### WORK TO BE COMPLETED
What you return must match the records word for word, except that pictures are dropped.

### MATERIAL PROVIDED
____________________

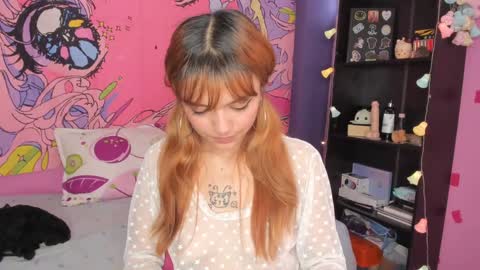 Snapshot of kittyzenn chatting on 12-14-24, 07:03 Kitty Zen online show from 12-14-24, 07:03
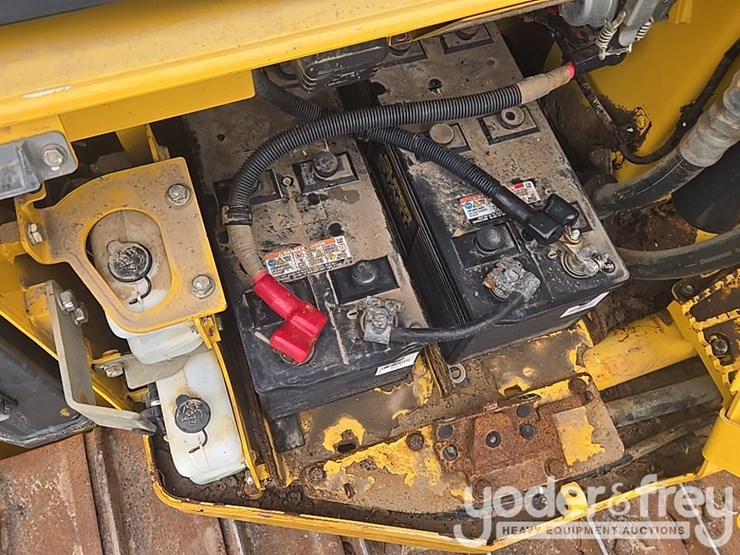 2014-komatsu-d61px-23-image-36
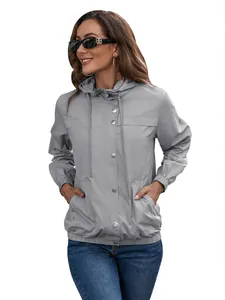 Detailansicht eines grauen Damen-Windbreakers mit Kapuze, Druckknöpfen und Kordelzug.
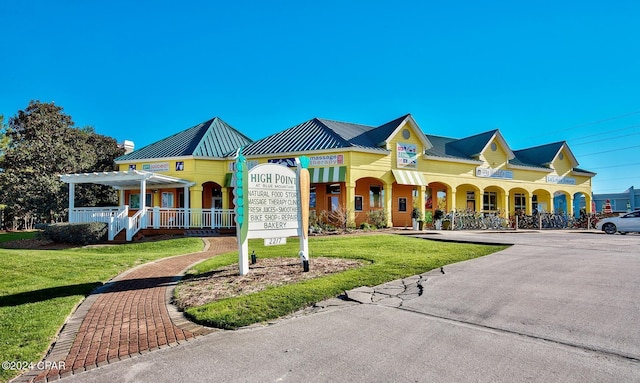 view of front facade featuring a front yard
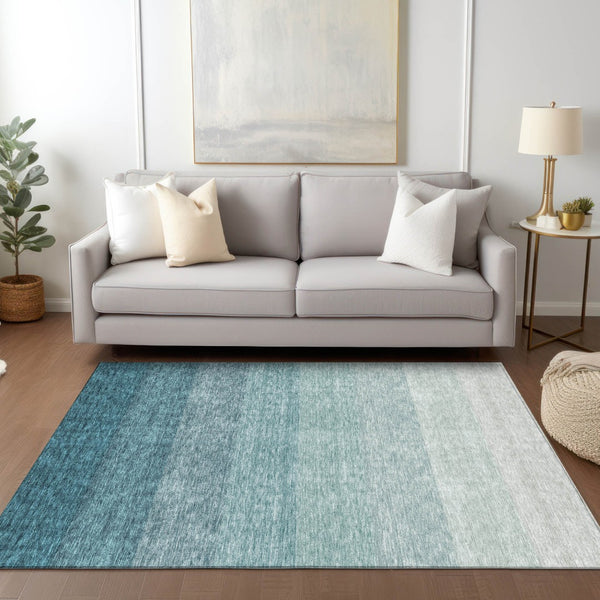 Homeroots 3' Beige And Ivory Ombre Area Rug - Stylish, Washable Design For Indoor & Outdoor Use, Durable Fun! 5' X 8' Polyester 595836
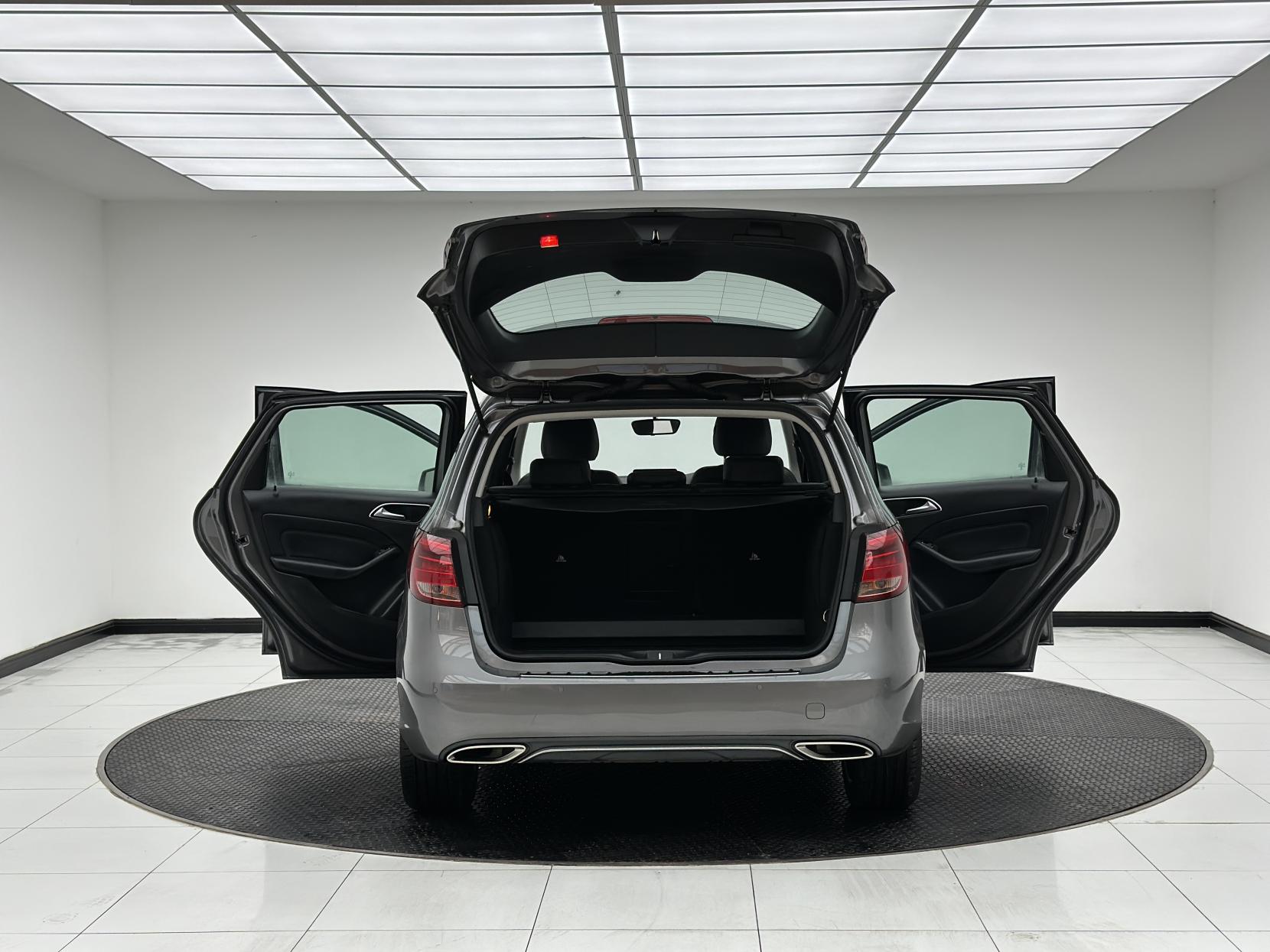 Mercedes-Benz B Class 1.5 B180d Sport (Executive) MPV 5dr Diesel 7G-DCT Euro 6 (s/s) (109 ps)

____________________

### RESPONSE BELOW
 Snapshot of kittyzenn chatting on 12-14-24, 07:03 Kitty Zen online show from 12-14-24, 07:03
 2014-komatsu-d61px-23-image-36
 Detailansicht eines grauen Damen-Windbreakers mit Kapuze, Druckknöpfen und Kordelzug.
 view of front facade featuring a front yard
 Homeroots 3' Beige And Ivory Ombre Area Rug - Stylish, Washable Design For Indoor & Outdoor Use, Durable Fun! 5' X 8' Polyester 595836
 Mercedes-Benz B Class 1.5 B180d Sport (Executive) MPV 5dr Diesel 7G-DCT Euro 6 (s/s) (109 ps)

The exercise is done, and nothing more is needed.